Goldberg also talks about her paintings in another letter. On November 28, 1965, she writes: “As far as my painting goes, I’ve been misunderstood: I myself can’t express in it what I’m able to express in words. It’s another thing entirely and so I still believe that what I find in painting is like what you find in photography. If only my paintings were up to the level of your photographs. But the thing is that I have no need for words now. Apparently I have nothing left to say in words, so I find all the joy in something else. And it helps me be totally at peace with having no need to write.”

Goldberg’s correspondence also makes reference to the Six-Day War. For the first time, we learn that her house in Jerusalem was shelled. “Nothing happened to us personally, except that a shell fragment broke a round hole in the pane of the door in the main room, when we weren’t there. Mother was very brave. We didn’t go down to the shelter and were even able to sleep at night,” she wrote in a postcard dated June 16, 1967.

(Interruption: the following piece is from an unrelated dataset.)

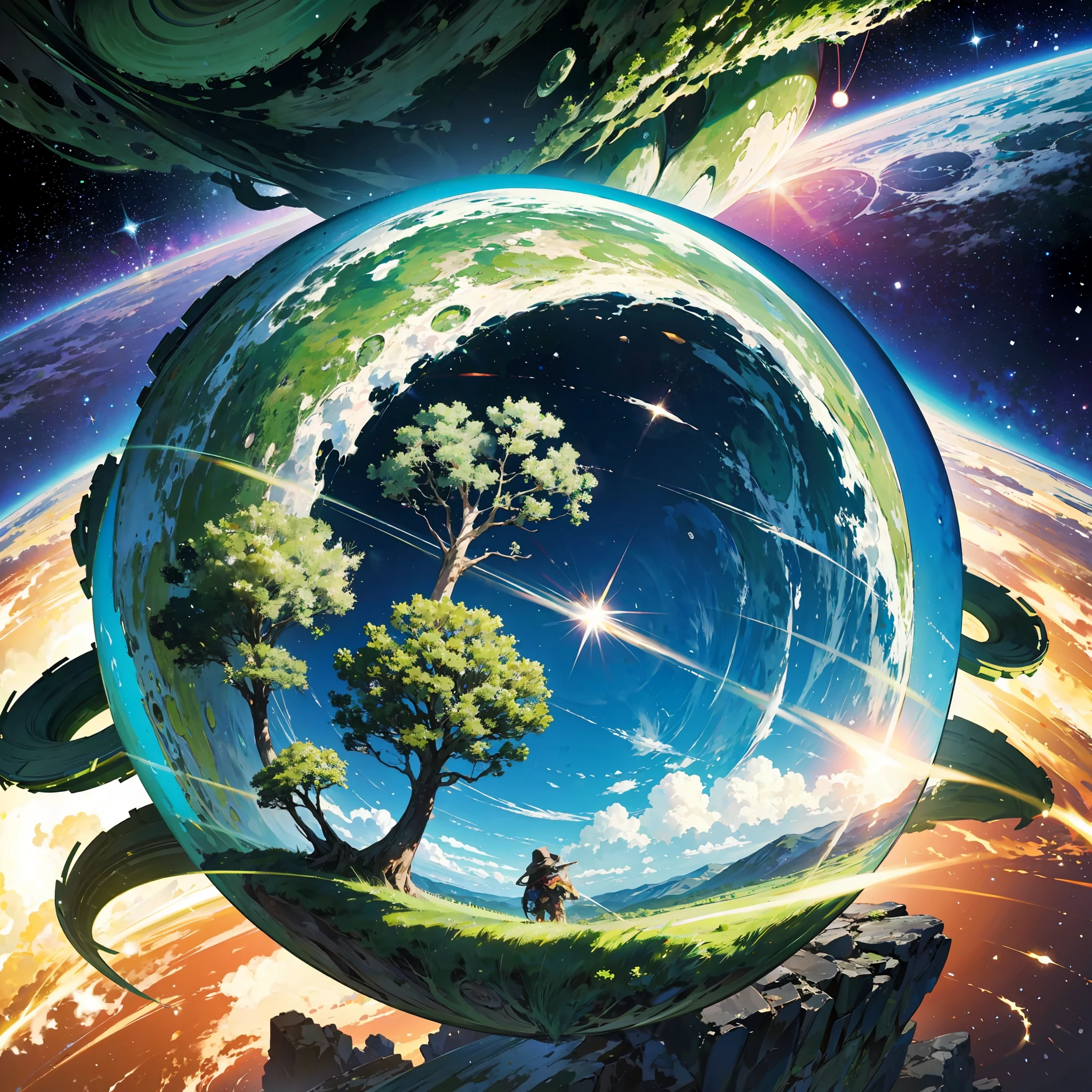Green planet with giant ring tree around planet,seen from space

A few weeks later, on July 8, she described the political situation following the Six-Day War and the conquest of East Jerusalem. “Jerusalem − really Jerusalem − is incredibly big and beautiful! Dear Tuvia, how many decades has it been since I last wrote to you? ... The first day I got back on my feet [after an illness], I couldn’t resist and went to the shuk in the Old City, and it was the best medicine … How wonderful this city is now. And it’s also … nice to come in contact with the Arabs. And everyone feels it, even the people who don’t hold those kinds of views. And the nicest thing is that the people of the Old City seem very positive, and this gives a lot of hope. I was pessimistic about the political situation, but now I somehow believe that we’ll be better off than before.”

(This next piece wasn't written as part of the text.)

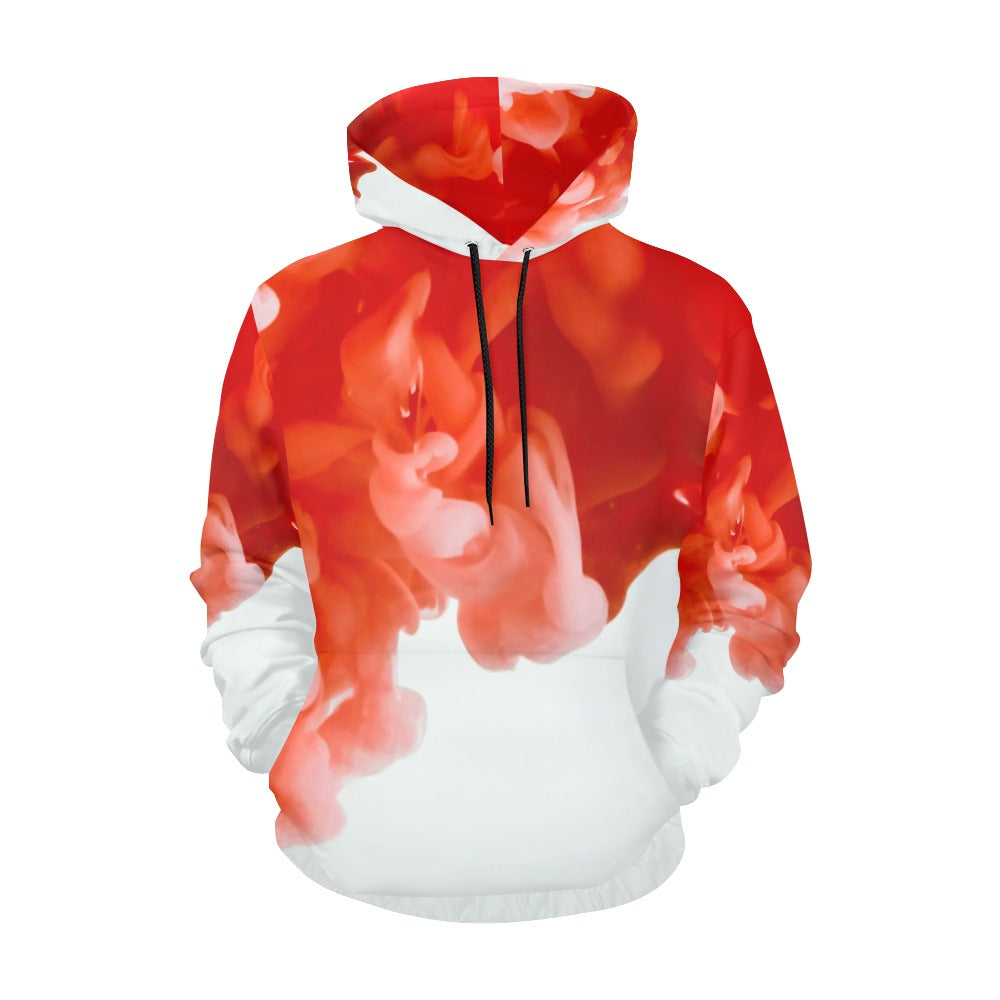 Women's Smoke Red Print Hoodie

Four months later, on October 18, 1967, she writes from Paris and sounds less optimistic. “And as for not-so-cheerful matters − the issue of our Arab neighbors − I, too, am very worried. The friendship of the first weeks [after the Six-Day War] is actually what was not normal. The troubles had to come. I was overly impressed at first, and now I am thinking about Israel with anxiety. Meanwhile, I’m kind of cut off here [in Paris] and, as always in such cases, it distances the fear and brings it closer at the same time. And it reminds me of so many past travels in times that were very far from calm, such as October-November 1947, when I returned from Prague just as the state burst into being.”